For decades following, Dad Hat was met with disdain. But as the game of baseball evolved, so too has Dad Hat. In much the way a player lays down the perfect bunt, or steals third off an unsuspecting pitcher, Dad Hat has become something of an under-appreciated art form. What was once an act of disrespect, has been re-imagined, re-claimed, and re-formed into something beautiful. Or, at any rate, high-crowned.
The credit for this transformation isn’t due to one individual, although if it were due to one individual it would probably be long-tenured relief pitcher Rick Honeycutt. Look up any picture of Honeycutt on Google Images. Right now. Go ahead. You will not find a single photograph of Honeycutt sans Dad Hat, no matter how far down you scroll.

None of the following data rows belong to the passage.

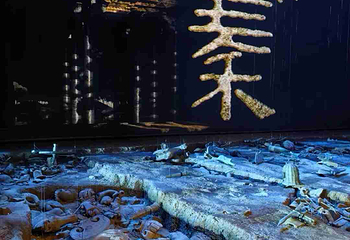 赳赳大秦第 100 张图片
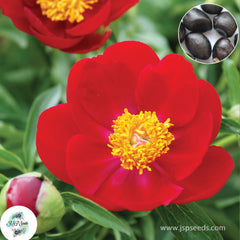 20 Scarlett O’Hara Peony Paeoniaceae Paeonia suffruticosa Tree Flower Plant Seeds (Lucky Flower) (Flower Garden Potted Plants)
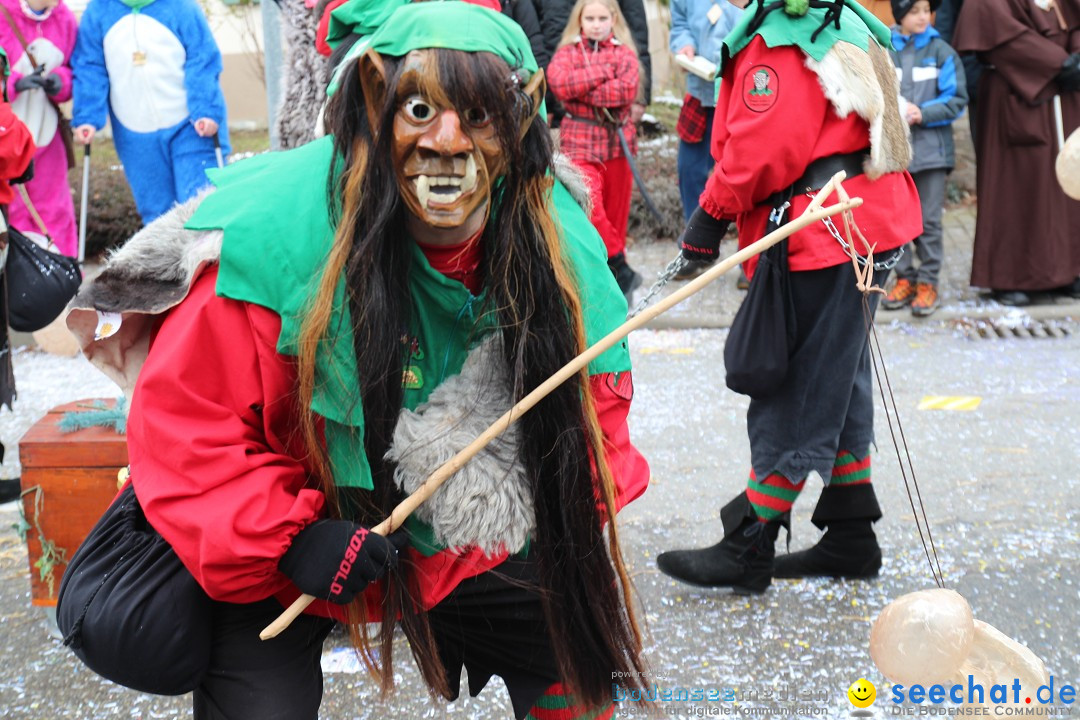 Rosenmontagsumzug: Gottmadingen am Bodensee, 11.02.2013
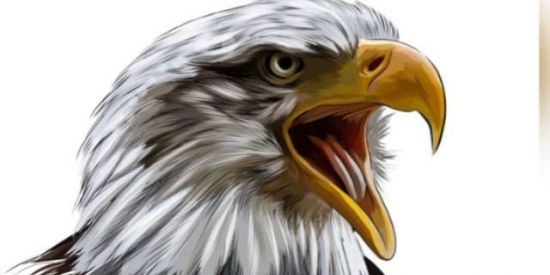 Imagem do grupo de WhatsApp Os falcão PL 157🦅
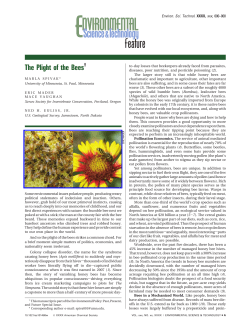 The Plight of the Bees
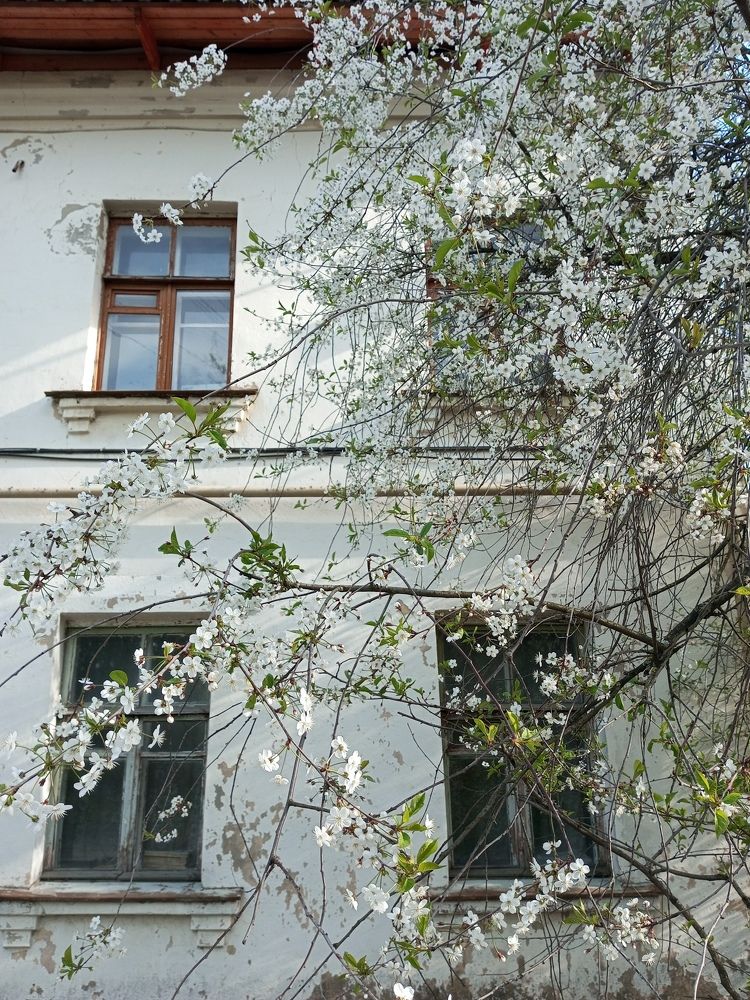 Photograph by Марина Гаврилова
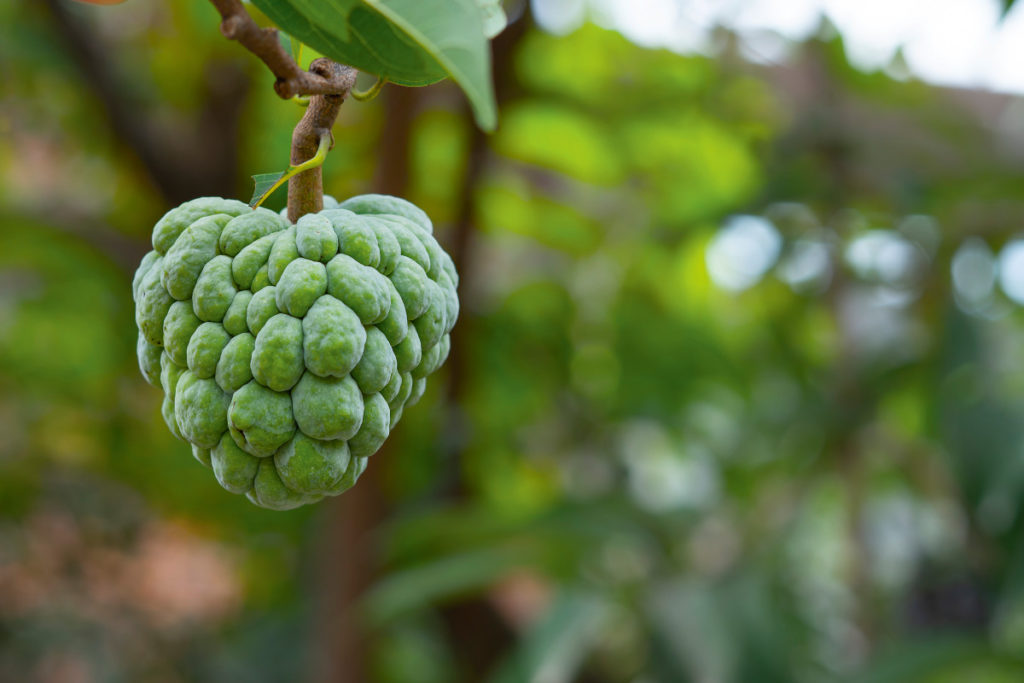 Cherimoya – oder auch »Ice Cream Fruit« © Shutterstock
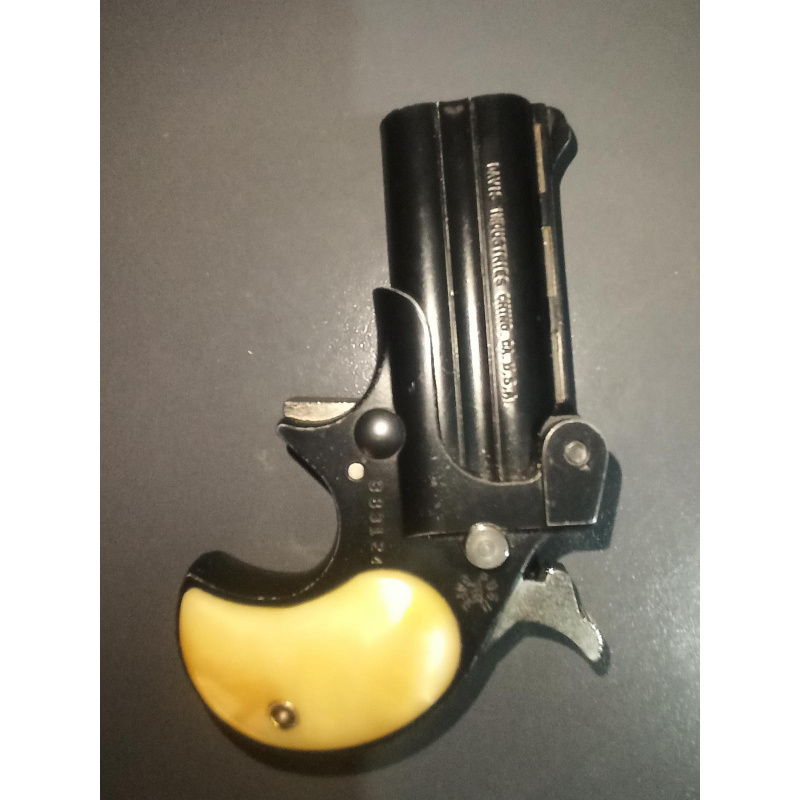 Davis Derringer 22 Lr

It was this dedication to craft, this singular vision of the future that helped push Dad Hat out of the shadows and into the light. Honeycutt’s ability to mis-wear a baseball hat spans decades, and more teams than there are years in most players’ careers. Here is Honeycutt with the A’s. Here he is with the Cardinals. Here he is with the Mariners. Here he is with the Rangers. Here he is with the Dodgers. Dad Hat Dad Hat Dad Hat Dad Hat Dad Hat. The man is relentless.

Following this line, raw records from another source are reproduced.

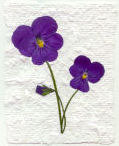 Image of pressed violas on handmade paper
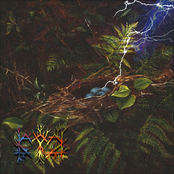 So Quem Viu o Relampago a Sua Direita Sabe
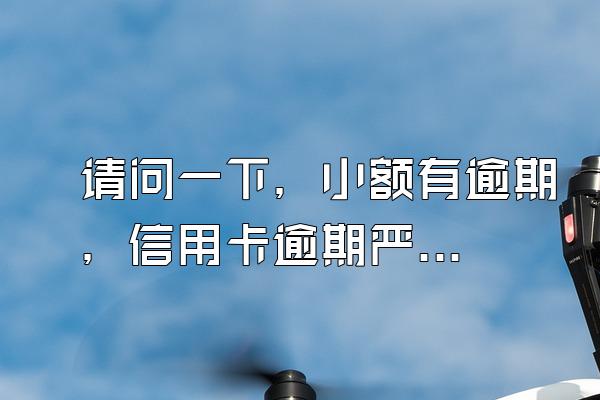 请问一下，小额有逾期，信用卡逾期严重。还能办信用卡吗。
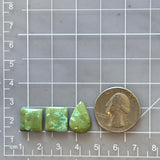 Small Sea Green Mixed Treasure Mountain Turquoise, Set of 3 Dimensions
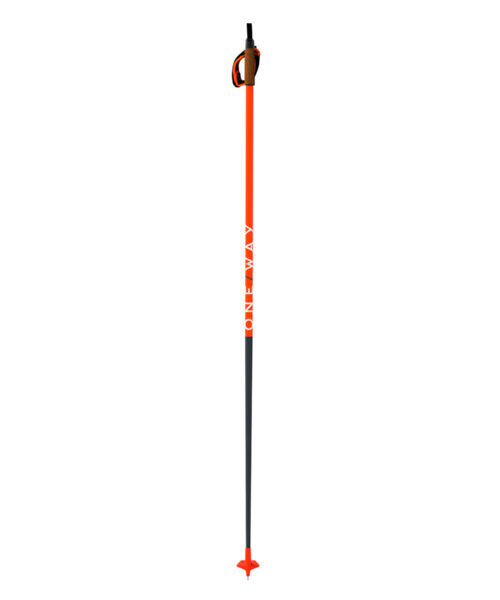 One Way Storm Junior Ski Poles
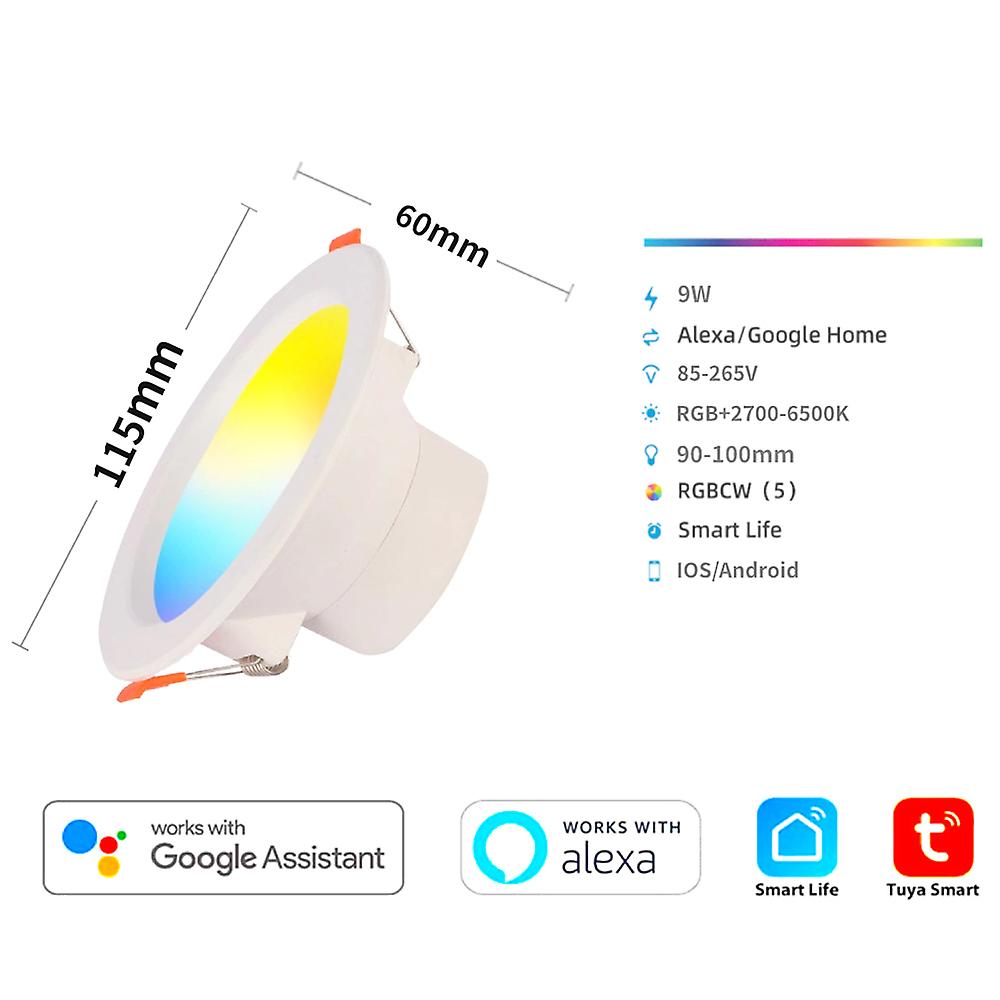 Rgb Downlight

But Honeycutt, great as he is, isn’t alone. Another Dad Hat great is Fred McGriff. Here’s McGriff from those old Tom Emanski videos on how to field. Many people, those unfamiliar with Honeycutt’s pathbreaking work, will tell you that McGriff’s work in these ads represent the apex of Dad Hat. They are not fully wrong, although they are ignorant with regards to the hat’s history. They are right, in that McGriff is still a titan of Dad Hat.
McGriff wasn’t one to keep his Dad Hat off the field though, he proudly Dad Hat’ed during team events as well. Here’s McGriff posing while with the Blue Jays in full uniform!

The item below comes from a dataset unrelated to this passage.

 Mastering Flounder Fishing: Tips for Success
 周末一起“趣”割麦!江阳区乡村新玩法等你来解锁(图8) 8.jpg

And here he is with the Braves
That’s a thing about Dad Hat. It’s a skill that comes with a player, like on-base percentage or power. You know when you trade for a guy that he’s going to take some walks, hit some doubles, be an average baserunner, and that he will just Dad Hat the shit out of everything. That’s McGriff. He had power, he had some speed, and he had 80-grade Dad Hat until his last days as a big-leaguer.
There are so many Dad Hat greats that we’d be here forever if I listed them all. There’s Nino Espinosa, and Jose Uribe, Jose DeLeon, and early-career Jorge Posada. There are the new instances categorized daily by @ProductiveOuts at the indispensable #DadHat hashtag. And then there is Jim Leyland.
Leyland wasn’t a career Dad Hat’er—the man could wear the hell out of a baseball cap when he wanted to—but like all great managers, he was versatile. The old Pirates cake box hats were as much an invitation to Dat Hat as they were anything at all. Leyland, to his eternal credit, noticed and acted on this. Here he is posing for his baseball card in 1986, in a hat is so high it could bring rain. Dock Ellis looked at this hat and surmised that it was extremely high. It is so high that it will charge you extra for luggage. It’s a big hat, and it’s worn all wrong.
And yet this is not the end. This is not, implausibly, the ultimate in Dad Hat. To find that, we must go back to Rick Honeycutt, who absolutely bends fucking space with this, here:
Honeycutt’s hat is simultaneously huge, high atop his head, but also somehow pulled down low to shade his eyes. How is this possible? The only conclusion, the only thing that almost makes sense, is that Honeycutt had a special Dad Hat hat made just for him, one that could both reach for the stars and remain grounded. This is unlikely, naturally. But nothing else even comes close to explaining it.
Just look at it. This is of course a static image, and yet if you stare at the crown of the hat, it grows. This is a hat that is also one of those Magic Eye images they used to have at the mall. I’m half convinced the hat will grow to cover the team name at the top of the card and holy shit… I swear it wasn’t like that when I started writing this.
These supernatural aspects aside, Dad Hat has much to teach us about the human condition as we live it here on earth. Dad Hat shows us not to judge others, not to disparage those of us who look different or unpleasant or over-generously crowned; it teaches us to value diversity and to love those of us who dare to be distinctive, even when they are extremely wrong. There could be no greater compliment towards a thing so silly as a baseball hat than that the mere act of wearing it in a certain way could bring us closer to equality and to understanding each other as humans. Yes, it looks silly, but Dad Hat nevertheless has serious lessons to teach all those willing to learn. But also, wow, it really does look silly.